+++ Information
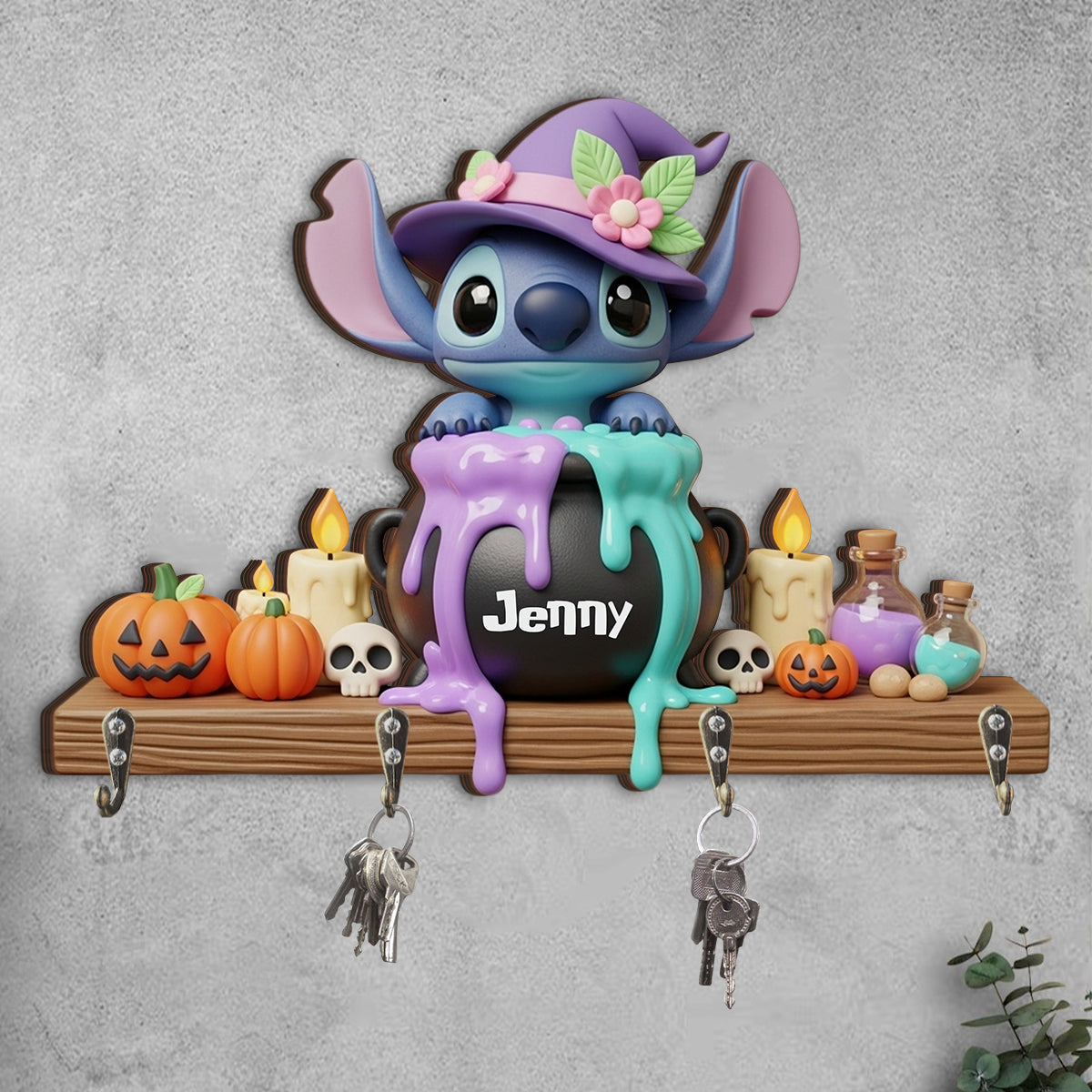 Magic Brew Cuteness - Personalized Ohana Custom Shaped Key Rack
++++++
+++ Information
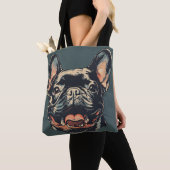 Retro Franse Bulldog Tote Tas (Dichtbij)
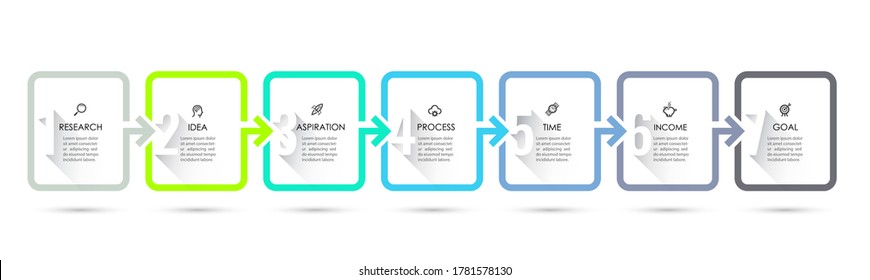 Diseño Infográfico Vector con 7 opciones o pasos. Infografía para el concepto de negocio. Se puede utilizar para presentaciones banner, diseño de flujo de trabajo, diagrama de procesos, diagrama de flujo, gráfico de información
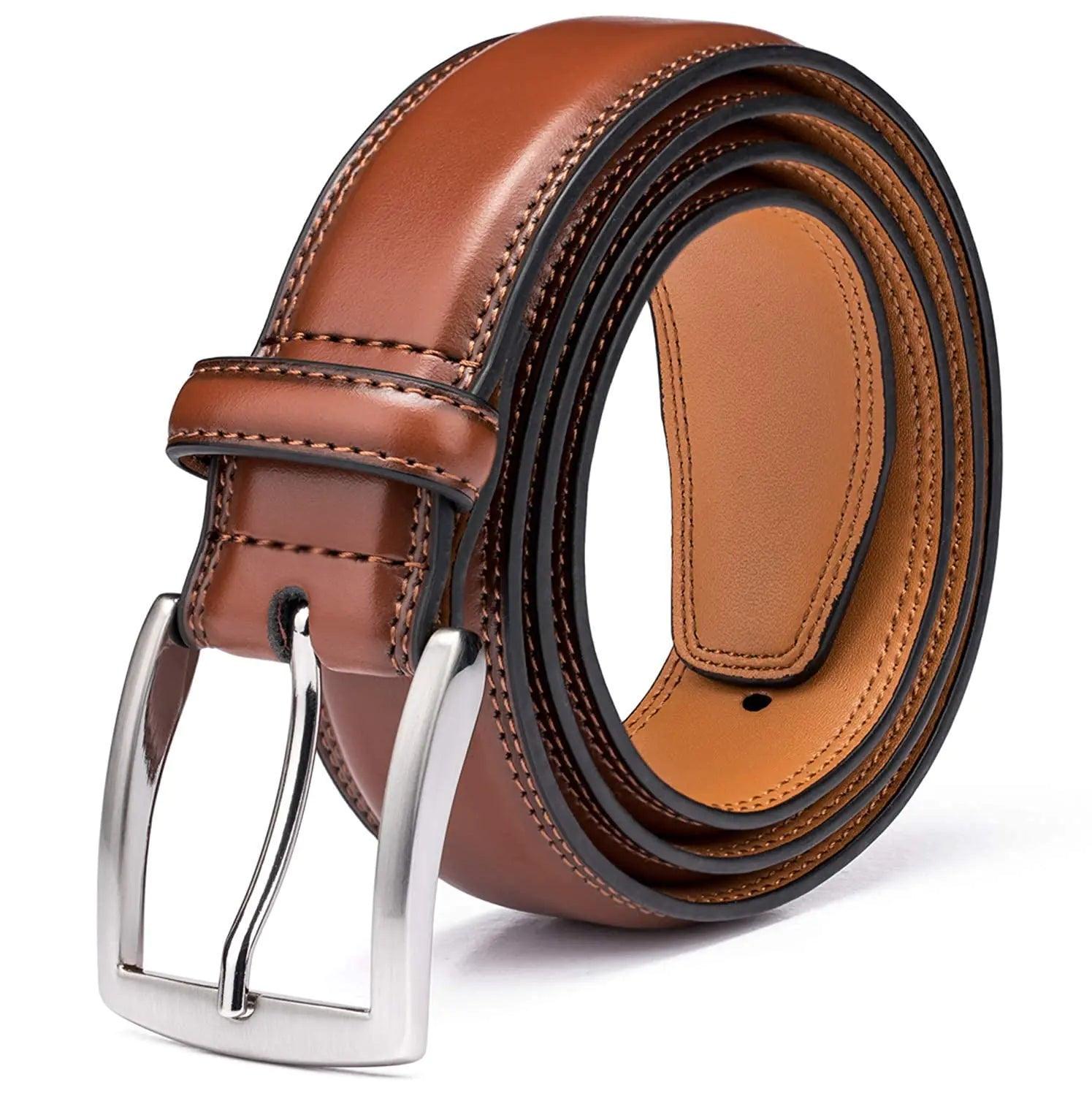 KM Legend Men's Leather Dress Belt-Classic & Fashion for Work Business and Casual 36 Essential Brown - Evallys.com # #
++++++
What is being asked: Nothing but the lines from the one with "Retro Franse Bulldog Tote Tas (Dichtbij)" up to and including the one with "KM Legend Men's" should be printed, exactly as they read above. Please keep the pictures out.

Solution to this exercise:
 Retro Franse Bulldog Tote Tas (Dichtbij)
 Diseño Infográfico Vector con 7 opciones o pasos. Infografía para el concepto de negocio. Se puede utilizar para presentaciones banner, diseño de flujo de trabajo, diagrama de procesos, diagrama de flujo, gráfico de información
 KM Legend Men's Leather Dress Belt-Classic & Fashion for Work Business and Casual 36 Essential Brown - Evallys.com # #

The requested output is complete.